▶ _Task requirements_:
Below is a listing; restate from it, character for character, the lines beginning at the line holding "Hood hinge left Ford Ecosport 18-22" and ending at the line holding "Schronisko dla zwierząt", both included.

▶ _Listed records_:
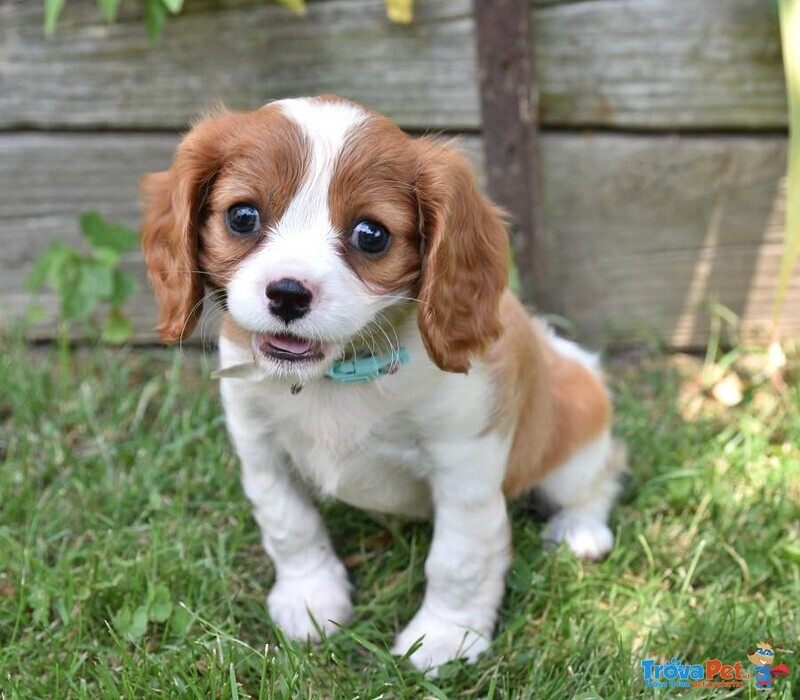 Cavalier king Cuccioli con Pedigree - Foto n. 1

...

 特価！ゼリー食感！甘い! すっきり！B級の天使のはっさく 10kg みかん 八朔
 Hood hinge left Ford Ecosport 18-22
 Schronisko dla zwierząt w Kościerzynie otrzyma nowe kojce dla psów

...

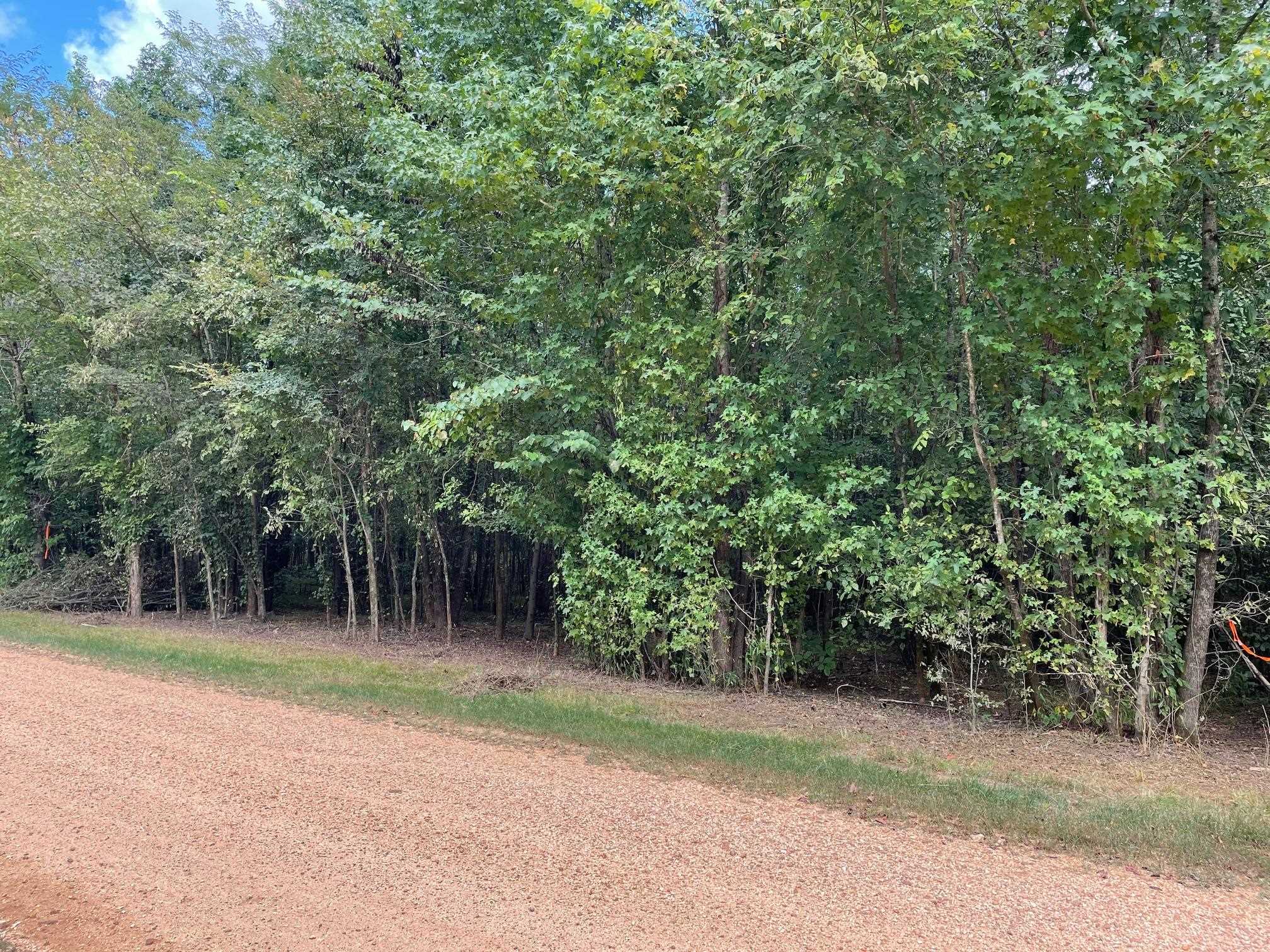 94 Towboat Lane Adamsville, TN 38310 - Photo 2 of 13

▶ _Response to this task_:
 Hood hinge left Ford Ecosport 18-22
 Schronisko dla zwierząt w Kościerzynie otrzyma nowe kojce dla psów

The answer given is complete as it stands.